Namur-Luxembourg

Une petite révolution, pour près de 300 000 habitants des provinces de Namur et Luxembourg. A partir de ce 4 février, le système des gardes médicales se réorganise. Sont concernés : le Luxembourg et une partie du Namurois (Dinant et Bièvre). Ce territoire sera désormais couvert par sept postes médicaux de garde.

Les patients seront obligés de transiter par ces structures, le week-end - du vendredi 20 h au lundi matin 8 h - et les jours fériés - de la veille à 20 h au lendemain matin à 8 h.

Les postes sont situés à Arlon, Bastogne, Bièvre, Dinant, Libramont, Marche-en-Famenne et Tintigny.

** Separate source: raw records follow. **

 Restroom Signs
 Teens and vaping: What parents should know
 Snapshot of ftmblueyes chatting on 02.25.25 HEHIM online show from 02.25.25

Le site de Marche a le plus grand rayon d’action, de Durbuy à Ciney, soit 74 000 citoyens. Il est implanté avenue de France, dans l’ancien bâtiment des Mutualité Chrétiennes.

Cette réforme est née de la difficulté d’assurer les gardes en milieu rural. Plusieurs facteurs expliquent ce phénomène : vieillissement des généralistes, désintérêt des étudiants pour la médecine générale, diminution des installations de jeunes en milieu rural et recherche, pour les généralistes, d’un meilleur équilibre de vie.

Pour beaucoup, le rythme des gardes est devenu intenable, face à la pénurie de médecins. Les chiffres sont clairs : dans dix ans, 36 % des médecins en activité aujourd’hui - ils sont 355 au total - ne le seront plus. Une première expérience a démarré à Bastogne, avec succès. Les quatre cercles de médecine ont convenu de regrouper les généralistes de garde en postes médicaux de garde (PMG). Le but est de ne pas avoir plus d’une période de 12 heures de garde par mois. Durant la semaine, rien ne change.

Le principe est simple. Le patient compose un numéro unique (1733). S’il n’est pas en mesure de se déplacer, un système de navettes est prévu. Le trajet coûtera 5 euros. L’association en charge du système a essayé de limiter le temps de parcours, pour les patients les plus éloignés d’un PMG, à 30 minutes de voiture.